Die meisten Aufnahmen entstanden bei ihrem letzten Besuch 2014 im Heimatdorf Nowaja Datscha. Wegen des Bürgerkriegs verzichtete sie im vergangenen Jahr auf ihre regelmäßige Sommerreise zu den Eltern. Und schaut deshalb vielleicht auch etwas nachdenklich auf die Bilder: Porträts und Momentaufnahmen, die ihre Familie und Nachbarn zeigen, durchweg alte Menschen, mitten in ihrem dörflichen Alltag.

Mit dem Abstand einer ausgewanderten Tochter hat sie das gesehen, was sie als Kind ständig erlebt hat. Zum Beispiel die Gartenarbeit. Einen Garten hat auf dem Land jeder, das Klima lässt reichlich Obst und Gemüse wachsen. „Im Winter können es minus 25 Grad sein, im Sommer ist es sehr heiß, manchmal bis zu 50 Grad. Da ist man praktisch ständig am Gießen.“ Und ob man als Kind Gartenarbeit machen will, das wird nicht gefragt. „Das ist selbstverständlich.“

Während die Frauen im Garten schuften, arbeiten die Männer auf dem Feld, oft mit selbst zusammengebastelten Maschinen. Oxana Ronis hat die Männer im Dorf auf seltsamen Traktor-Gespannen fotografiert und Frauen in ihren üppigen Gärten, beim Kontrollgang, beim Ernten, beim Griff nach der reifen Birne. Oder beim Ausruhen auf der Holzbank vor dem Haus. Die Hände, die jahrzehntelang zupacken mussten, verrunzelt im Schoß. „Das ist ein Unterschied zu den Frauen hier in Deutschland. Man sieht ihnen an, dass sie alt sind. Dass sie es schwer hatten. Aber sie geben sich auch so, tragen immer Kopftuch, immer lange Kleider.“

Es fasziniert sie, dass sich hier in Deutschland Frauen auch im Alter schick machen, sich sportlich kleiden, auf sich achten. Neben die Porträts aus der Ukraine hat sie deshalb ein paar aus Potsdam gehängt. Zum Beispiel eine 80-Jährige entspannt auf der modernen Couch. „Das Alter sieht man ihr nicht an“, sagt Ronis begeistert. „Zeitlose Lebensfreude“, das kann man so oder so sehen. Die Bilder legen jedenfalls nahe, dass es nicht davon abhängt, ob jemand gerade beim Friseur war oder Kopftuch trägt.

Oxana Ronis will aber nichts romantisieren. Das Leben in der Ukraine ist hart. Und seitdem sie hier in Potsdam ist, spürt sie, was ihr dort manchmal fehlt: ein wenig Freundlichkeit. Die Menschen seien oft verbittert, frustriert, misstrauisch. Und dann unwirsch gegenüber Fremden. In Deutschland seien alle so freundlich und offen, sie mag das.
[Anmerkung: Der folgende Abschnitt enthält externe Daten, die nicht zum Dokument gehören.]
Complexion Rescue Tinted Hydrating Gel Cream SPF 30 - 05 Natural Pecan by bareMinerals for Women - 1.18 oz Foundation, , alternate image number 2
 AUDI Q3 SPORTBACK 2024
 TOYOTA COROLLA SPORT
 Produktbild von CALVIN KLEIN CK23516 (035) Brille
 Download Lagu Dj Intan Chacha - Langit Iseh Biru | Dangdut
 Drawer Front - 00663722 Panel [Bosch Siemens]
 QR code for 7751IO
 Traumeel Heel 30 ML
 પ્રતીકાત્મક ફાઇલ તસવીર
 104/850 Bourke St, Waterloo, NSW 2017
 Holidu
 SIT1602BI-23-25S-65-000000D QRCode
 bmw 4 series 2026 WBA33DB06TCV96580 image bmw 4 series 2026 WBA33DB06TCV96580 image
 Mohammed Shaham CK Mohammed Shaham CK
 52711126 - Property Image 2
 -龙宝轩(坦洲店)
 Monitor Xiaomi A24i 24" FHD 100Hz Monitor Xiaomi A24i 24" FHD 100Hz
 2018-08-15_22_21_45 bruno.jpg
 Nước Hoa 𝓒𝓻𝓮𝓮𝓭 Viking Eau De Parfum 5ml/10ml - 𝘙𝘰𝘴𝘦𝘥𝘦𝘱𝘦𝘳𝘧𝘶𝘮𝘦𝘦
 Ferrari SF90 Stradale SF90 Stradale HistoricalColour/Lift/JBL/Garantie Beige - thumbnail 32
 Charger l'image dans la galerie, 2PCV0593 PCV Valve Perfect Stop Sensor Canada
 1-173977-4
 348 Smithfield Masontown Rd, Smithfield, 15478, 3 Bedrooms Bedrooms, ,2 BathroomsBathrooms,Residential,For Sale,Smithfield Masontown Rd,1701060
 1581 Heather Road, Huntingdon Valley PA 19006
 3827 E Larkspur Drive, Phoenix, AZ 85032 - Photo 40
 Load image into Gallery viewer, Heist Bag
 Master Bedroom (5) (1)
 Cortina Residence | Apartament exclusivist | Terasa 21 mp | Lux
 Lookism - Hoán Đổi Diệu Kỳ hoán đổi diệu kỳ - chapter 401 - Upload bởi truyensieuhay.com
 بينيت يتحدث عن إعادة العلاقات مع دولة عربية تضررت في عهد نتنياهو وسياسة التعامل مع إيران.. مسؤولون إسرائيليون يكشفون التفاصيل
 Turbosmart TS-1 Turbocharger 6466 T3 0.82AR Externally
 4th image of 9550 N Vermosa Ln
Das erste Jahr in Potsdam sei trotzdem furchtbar für sie gewesen, sie hatte nur Heimweh. Dann aber begann sie wieder zu arbeiten, konnte bei der Pro Potsdam eine Lehre zur Bürokauffrau machen und arbeitet seitdem für den Verein Soziale Stadt e.V. im Projektladen in Drewitz und im Friedrich-Reinsch-Haus am Schlaatz.

Längst sind die beiden Töchter mehr deutsch als ukrainisch. Und sie bald auch. Seit 2013 hat sie die deutsche Staatsbürgerschaft, die Sprache beherrscht sie nahezu perfekt, sodass sie oft als Übersetzerin herangezogen wird. Mehrere Projekte zur Integration von ausländischen Bürgern und zum besseren Miteinander der Nachbarn hat sie maßgeblich mitorganisiert, zweimal, 2009 und 2014, gab es dafür den Integrationspreis der Stadt Potsdam. „Es gibt in Potsdam so viele tolle Angebote. Das schwierigste ist, die Menschen aus ihrer Wohnung zu holen“, sagt Oxana Ronis.

Sie selbst entdeckte in ihrer neuen Heimat das Hobby Fotografieren. Ein bisschen hatte sie schon immer fotografiert, am liebsten Nahaufnahmen in der Natur gemacht. „Aber die waren immer unscharf und ich wusste nicht warum“, sagt sie. Dann ging sie zum Fotoclub im Reinsch-Haus. Und endlich erklärte ihr jemand die komplizierte, moderne Fototechnik.

Ein weiteres Hobby ist das Gärtnern. Nicht ganz so umfänglich wie die Frauen in ihrer alten Heimat das tun, dazu fehlt ihr der Garten. Aber auf ihrem Balkon wachse alles, sagt sie, Gurken, Tomaten, riesige, prächtige Tulpen mit Blüten – sie macht eine Geste – so groß wie Kindsköpfchen.

Von ihrer Herkunft ist auch die Liebe zum russischen Essen geblieben. Mit den Landsmänninnen, die sich regelmäßig im Reinsch-Haus treffen, hat sie gestern ein kleines russisches Büfett vorbereitet. „Ich könnte noch viel besser deutsch sprechen, wenn wir hier nicht immer russisch schwatzen würden“, sagt sie lachend, als man sie in ihrer Muttersprache zum Pelmeni-Machen in die Küche ruft.

Die Ausstellung ist bis zum 25. Februar im Stadthaus zu sehen.